Да, мольба постепенно сменилась ненавистью и злобой, но страх остался. Остался навсегда! Он сделал его мудрей, зорче, затаённей, он развил в нём звериную хищную чуткость, выучил осторожности, расчётливости, он сделал его безжалостным, беспощадным, напроломно прямым и вместе с тем хитрым, увёртливым — коварно, изощрённо. Он помог ему выжить, уцелеть в том огненном кольце, которое окружало его, помог сохранить престол и утвердить свою власть. Он дал ему силы, чтоб одолеть врагов и смести со своей дороги всё, что мешало и препятствовало ему, но он отнял у него самое главное, без чего его царское и человеческое не могло подняться на ту великую высоту, на которую он стремился его поднять, — он отнял у него ту самую высшую духовную свободу, без которой недостижимы никакие высоты.
4
Тревога и напряжённость, нараставшая с каждым днём, боязнь и опасность — истинная и мнимая — боярской крамолы, которая, в противоположность открытой взбаламученности черни, всегда распространялась тихо, ползуче, как и пристало всякой крамоле, резко нарушили тот особый уклад дворцовой жизни, ту её незатенённую, торжественную сторону, которую сейчас называют церемониями.
Раньше, бывало, что ни день, то у царя стол[217] или пир по любому поводу, да и просто, без повода, — для прохлады. Теперь — лишь трапезы в кругу особинов, скромные и тихие, без медов, без вина, без глумливой скоморошьей братии. Разве что Ивашка Нос попоёт вполголоса, чтоб не чудилось, будто на поминках.

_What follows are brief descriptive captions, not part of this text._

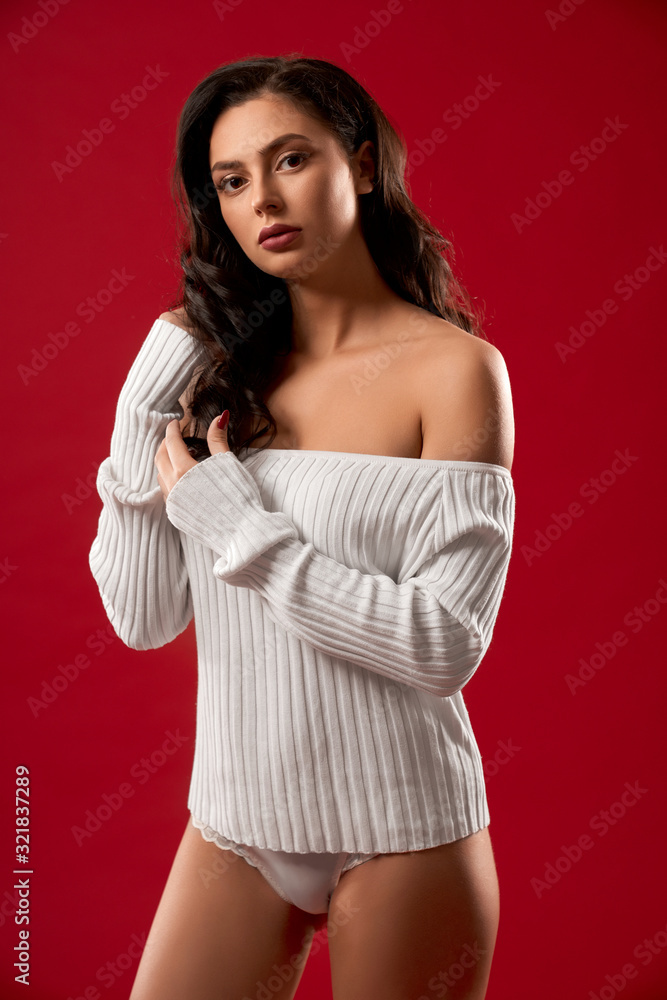 Brunette model posing in sweater.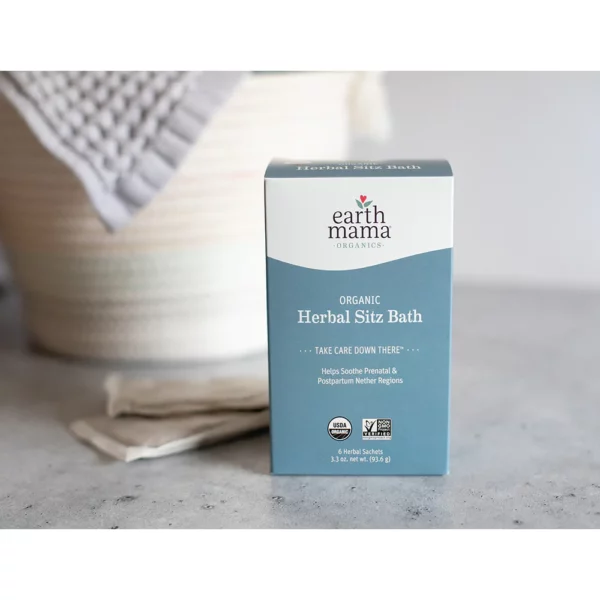 A box off organic herbal sitz bath sitting on a bathroom counter in front of a wash cloth and bowl.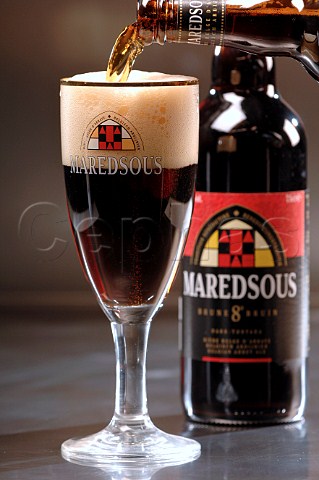 Pouring glass of Maredsous Belgian beer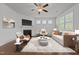Cozy living room with fireplace, ceiling fan, and an abundance of natural light at 1047 Aberlour Ln, Burlington, NC 27215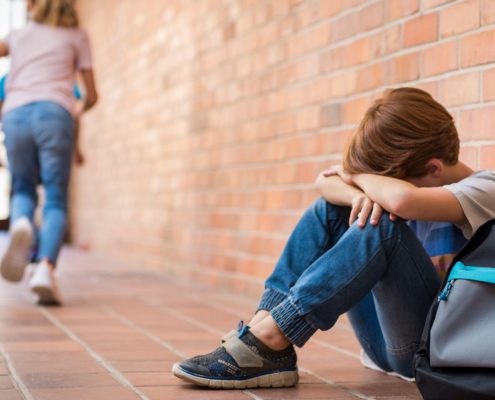 Image of a young boy sitting on the floor and crying with his arms crossed and his head on his arms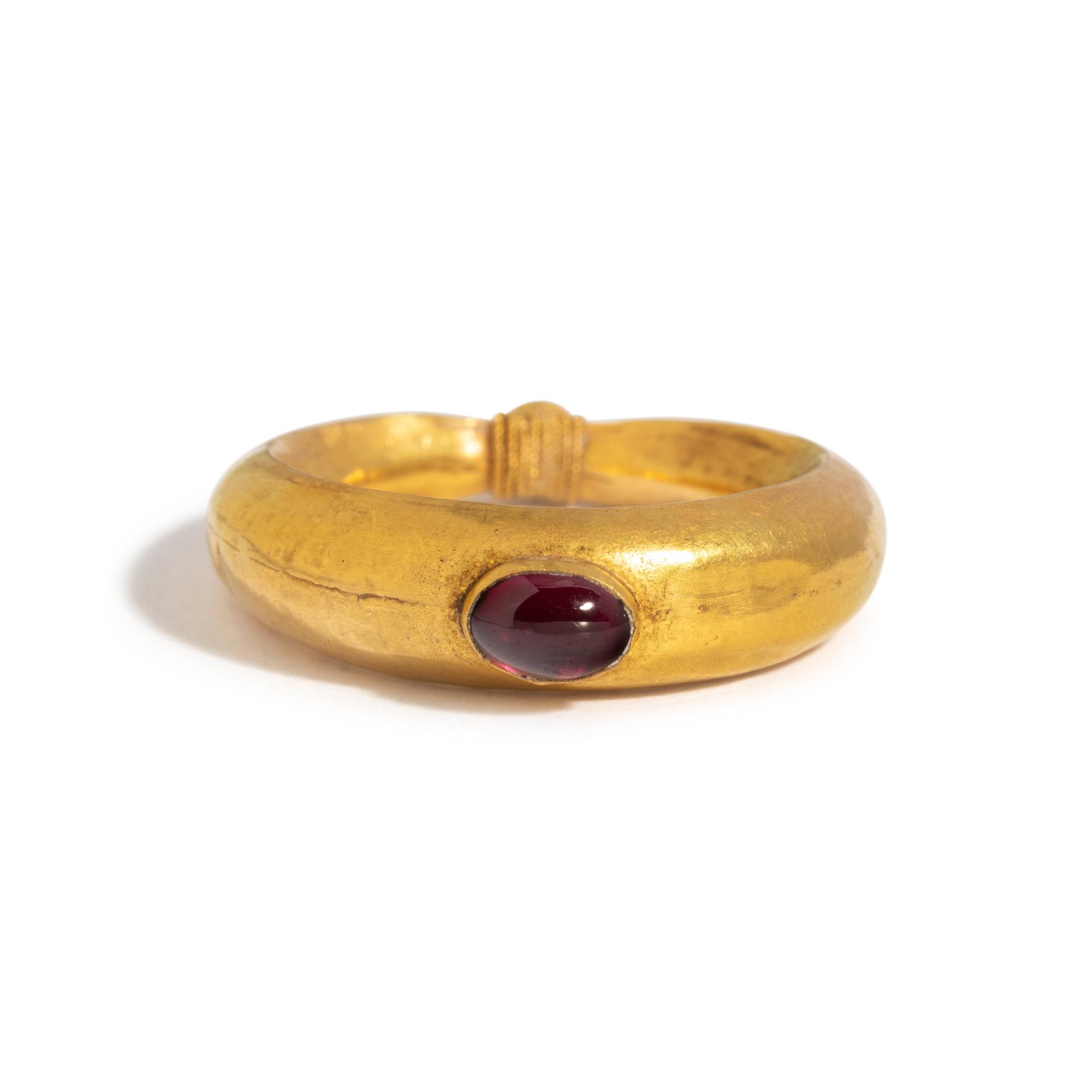 A Roman Gold and Garnet Cabochon Finger Ring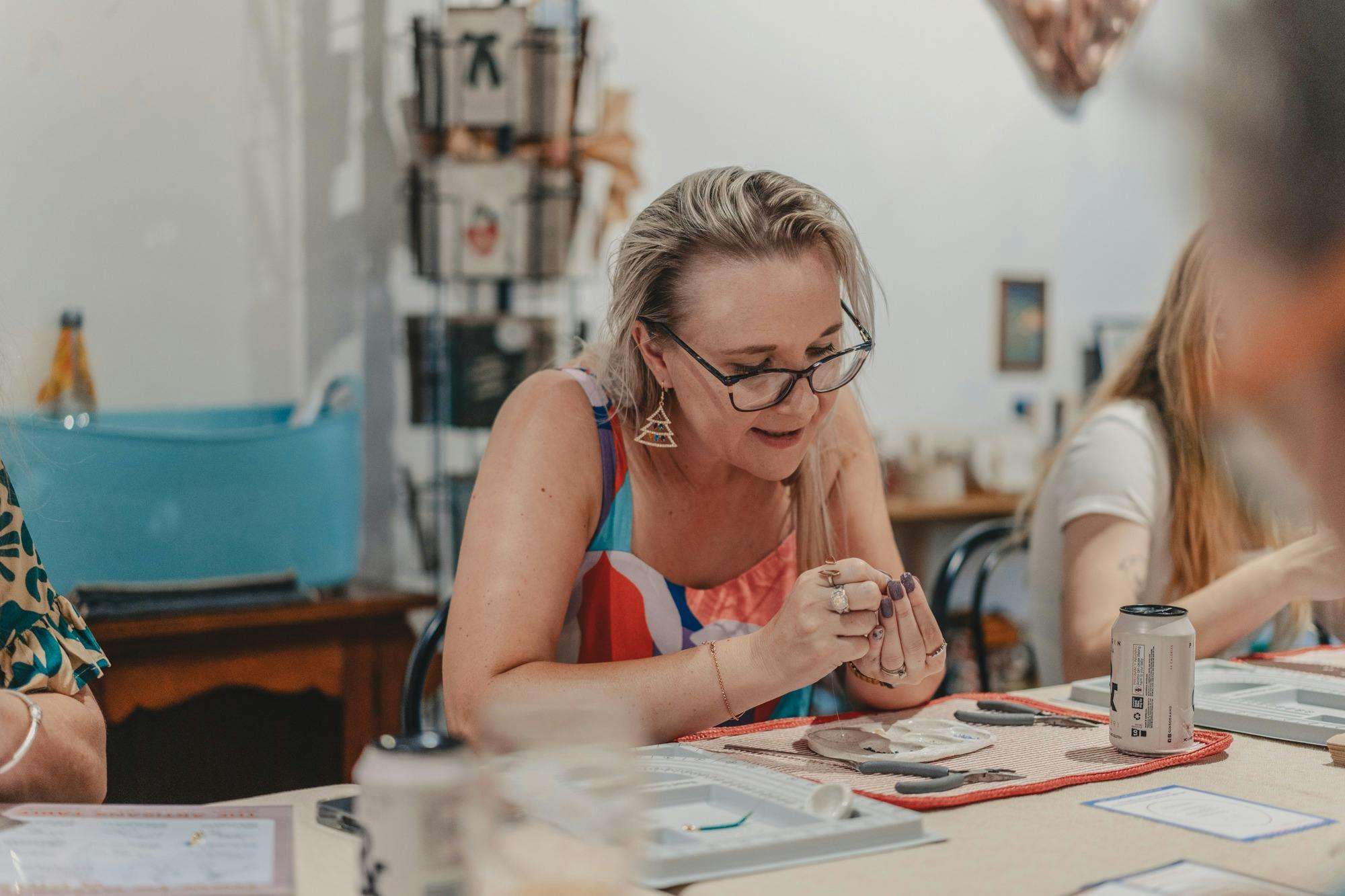 Woman beading during workshop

Или другое — именинный чин. Раньше было как? Спозаранку, лишь отстояв заутреню, являлись во дворец именинники — всякий-який служилый люд во главе с боярами — бить челом царю и подносить именинные калачи. Как начинали от заутрени, так и тянули это дело до обедни. От царя, который спрашивал именинников о здоровье и поздравлял, отправлялись к царице, потом к царевичам, и везде — челом, и везде — калачи. А уж калачи! Таких, быть может, некоторые сами сроду не едали: белые, подовые, мягкие — пух пухом! Нищие, которым выносили эти калачи на Красное крыльцо, с руками отрывали их у дворни.
Раньше редко случался день без этой именинной толчеи. Теперь именинникам дозволили являться только в воскресенье.
Поворчали, посопели, пофыркали в бороды, а куда поденешься?! Стали ходить в воскресенье. Чуть свет, как и прежде, собирались в этот единственный назначенный день в сенях перед гридницей и начинали местническую грызню: кому первому? У одного именины пришлись на начало недели, и он всю неделю ждал, готовился, а другой со своим святым как раз к этому самому дню поспел и прёт напролом — первым. Что бывало! Хорошо, что в руках, кроме калачей, ничего более, а то ещё хуже было бы!